The Conservative - Liberal Democrats coalition unveiled its plans for immigration yesterday. In a document titled 'The Coalition: our programme for government', it promised to:
1. Implement an annual limit on the number of non-EU immigrants entering the UK "to live and work". A much-publicised Conservative manifesto pledge. The coalition has yet to agree a "mechanism" for implementing the limit, however.
2. Apply "transitional controls" for all new EU Member States. Hardly a groundbreaking announcement since these arrangements already apply to citizens of recent entrants Bulgaria, Czech Republic, Estonia, Hungary, Latvia, Lithuania, Poland, Romania, Slovakia, and Slovenia.
3. Reintroduce "exit checks". This idea originated with the Liberal Democrats. Quite how thorough these checks will be remains unclear.

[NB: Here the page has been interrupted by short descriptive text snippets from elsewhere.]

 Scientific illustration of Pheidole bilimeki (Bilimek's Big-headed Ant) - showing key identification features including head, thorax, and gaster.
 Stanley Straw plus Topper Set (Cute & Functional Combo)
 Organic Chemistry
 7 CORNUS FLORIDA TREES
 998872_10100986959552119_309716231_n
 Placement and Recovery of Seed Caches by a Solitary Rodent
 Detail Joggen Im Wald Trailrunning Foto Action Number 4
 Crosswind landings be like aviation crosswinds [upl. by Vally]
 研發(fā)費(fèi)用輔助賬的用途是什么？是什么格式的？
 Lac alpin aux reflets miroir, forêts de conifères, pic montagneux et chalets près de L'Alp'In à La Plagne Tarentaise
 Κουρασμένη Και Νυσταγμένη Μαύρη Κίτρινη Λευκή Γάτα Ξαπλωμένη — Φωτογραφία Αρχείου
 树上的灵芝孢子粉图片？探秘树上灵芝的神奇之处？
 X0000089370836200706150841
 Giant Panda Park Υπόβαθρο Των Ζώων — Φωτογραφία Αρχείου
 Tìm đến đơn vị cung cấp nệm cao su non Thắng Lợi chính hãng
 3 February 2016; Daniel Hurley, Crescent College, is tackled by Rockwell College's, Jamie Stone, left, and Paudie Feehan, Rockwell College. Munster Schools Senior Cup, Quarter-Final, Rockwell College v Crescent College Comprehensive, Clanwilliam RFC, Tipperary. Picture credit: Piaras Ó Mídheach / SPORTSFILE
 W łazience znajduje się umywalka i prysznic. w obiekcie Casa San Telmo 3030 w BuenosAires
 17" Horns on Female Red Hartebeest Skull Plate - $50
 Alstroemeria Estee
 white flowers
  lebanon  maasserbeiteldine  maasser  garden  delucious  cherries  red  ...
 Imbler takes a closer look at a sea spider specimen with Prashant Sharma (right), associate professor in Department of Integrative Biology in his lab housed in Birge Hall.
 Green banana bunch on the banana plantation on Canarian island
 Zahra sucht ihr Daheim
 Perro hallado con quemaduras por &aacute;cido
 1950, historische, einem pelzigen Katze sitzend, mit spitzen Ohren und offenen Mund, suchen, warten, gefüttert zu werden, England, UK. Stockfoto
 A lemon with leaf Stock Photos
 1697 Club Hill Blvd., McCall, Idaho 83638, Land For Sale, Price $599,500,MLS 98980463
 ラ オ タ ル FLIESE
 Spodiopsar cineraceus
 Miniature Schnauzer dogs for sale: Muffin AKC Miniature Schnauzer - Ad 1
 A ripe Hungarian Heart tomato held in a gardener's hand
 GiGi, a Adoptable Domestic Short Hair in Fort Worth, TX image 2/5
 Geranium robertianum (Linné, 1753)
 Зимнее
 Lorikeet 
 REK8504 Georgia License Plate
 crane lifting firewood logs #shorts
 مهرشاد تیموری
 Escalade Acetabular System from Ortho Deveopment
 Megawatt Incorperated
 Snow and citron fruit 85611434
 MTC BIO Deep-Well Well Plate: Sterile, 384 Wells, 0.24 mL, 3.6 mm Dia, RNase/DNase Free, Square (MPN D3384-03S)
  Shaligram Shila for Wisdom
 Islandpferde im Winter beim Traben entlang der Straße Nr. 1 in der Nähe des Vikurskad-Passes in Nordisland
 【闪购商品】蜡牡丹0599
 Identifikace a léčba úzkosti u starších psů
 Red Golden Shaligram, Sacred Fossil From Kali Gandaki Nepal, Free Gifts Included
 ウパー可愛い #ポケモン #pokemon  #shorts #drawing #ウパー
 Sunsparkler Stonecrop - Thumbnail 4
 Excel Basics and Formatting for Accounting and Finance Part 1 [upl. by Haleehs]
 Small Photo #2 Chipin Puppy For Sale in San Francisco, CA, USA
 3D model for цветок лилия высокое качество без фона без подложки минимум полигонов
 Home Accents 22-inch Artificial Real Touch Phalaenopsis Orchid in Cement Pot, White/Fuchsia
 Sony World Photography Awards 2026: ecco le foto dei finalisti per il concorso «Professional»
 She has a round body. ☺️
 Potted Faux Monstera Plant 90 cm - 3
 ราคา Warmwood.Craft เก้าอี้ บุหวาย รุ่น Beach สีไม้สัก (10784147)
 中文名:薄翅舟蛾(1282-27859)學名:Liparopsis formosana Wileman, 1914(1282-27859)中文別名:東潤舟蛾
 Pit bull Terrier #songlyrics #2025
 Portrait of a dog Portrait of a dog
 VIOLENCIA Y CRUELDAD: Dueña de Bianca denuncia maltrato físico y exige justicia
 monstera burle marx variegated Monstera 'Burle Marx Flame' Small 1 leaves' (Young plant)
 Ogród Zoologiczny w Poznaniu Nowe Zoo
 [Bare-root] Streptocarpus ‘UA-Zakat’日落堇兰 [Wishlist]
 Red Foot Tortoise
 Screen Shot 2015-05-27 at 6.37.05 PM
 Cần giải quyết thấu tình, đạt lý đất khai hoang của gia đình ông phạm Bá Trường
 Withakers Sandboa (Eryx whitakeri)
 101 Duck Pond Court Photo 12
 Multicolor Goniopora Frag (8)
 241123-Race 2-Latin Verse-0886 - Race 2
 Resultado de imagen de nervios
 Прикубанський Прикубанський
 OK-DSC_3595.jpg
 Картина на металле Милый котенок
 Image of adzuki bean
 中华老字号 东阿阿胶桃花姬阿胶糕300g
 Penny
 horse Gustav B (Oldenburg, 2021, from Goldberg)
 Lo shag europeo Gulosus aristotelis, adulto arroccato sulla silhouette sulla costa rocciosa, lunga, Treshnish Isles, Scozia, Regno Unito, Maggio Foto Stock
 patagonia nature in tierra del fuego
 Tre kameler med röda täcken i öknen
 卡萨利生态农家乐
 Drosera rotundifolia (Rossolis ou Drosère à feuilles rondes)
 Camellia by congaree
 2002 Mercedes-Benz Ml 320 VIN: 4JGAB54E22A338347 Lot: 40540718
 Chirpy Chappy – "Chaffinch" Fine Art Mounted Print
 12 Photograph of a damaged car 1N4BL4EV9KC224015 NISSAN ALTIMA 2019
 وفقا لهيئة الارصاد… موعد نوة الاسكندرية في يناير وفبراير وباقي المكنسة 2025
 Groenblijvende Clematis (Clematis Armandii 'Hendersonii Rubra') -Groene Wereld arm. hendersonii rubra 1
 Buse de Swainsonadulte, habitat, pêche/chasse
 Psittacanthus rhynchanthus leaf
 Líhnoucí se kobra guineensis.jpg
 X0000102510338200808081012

4. End the detention of children for immigration purposes. Both parties promised to do this during the election campaign.
5. Create a "Border Police Force", as part of a refocused "Serious Organised Crime Agency". Another shared election pledge. The Force will focus on "enhancing national security, improving immigration controls and cracking down on the trafficking of people, weapons and drugs" - but how it will differ from the UK Border Agency's current strategy and the crime team already in existence is unclear.
6. Minimise abuse of the immigration system, particularly in relation to "student routes" and "human trafficking". Again, the coalition is fuzzy on the detail here. The UK Border Agency has already announced a number of reforms to "close the door" on bogus student applicants in recent years. Unless the coalition increases funding for the UKBA (which seems unlikely in the current cost-cutting climate) it's hard to see what more can be done without endangering the £2.5 billion earned by UK education providers each year from international student tuition fees.
7. Explore new ways to improve the current asylum system to speed up the processing of applications. As above, this will require additional investment in staff and infrastructure - it's hard to see George Osborne and David Laws agreeing to this at the moment given their priority is to cut the deficit.
While the Liberal Democrats get to implement their manifesto pledge on exit checks, they otherwise had to make big compromises on immigration.
For example, they had to ditch their promises to introduce a new regional points-based immigration system and 'earned citizenship' for illegal immigrants.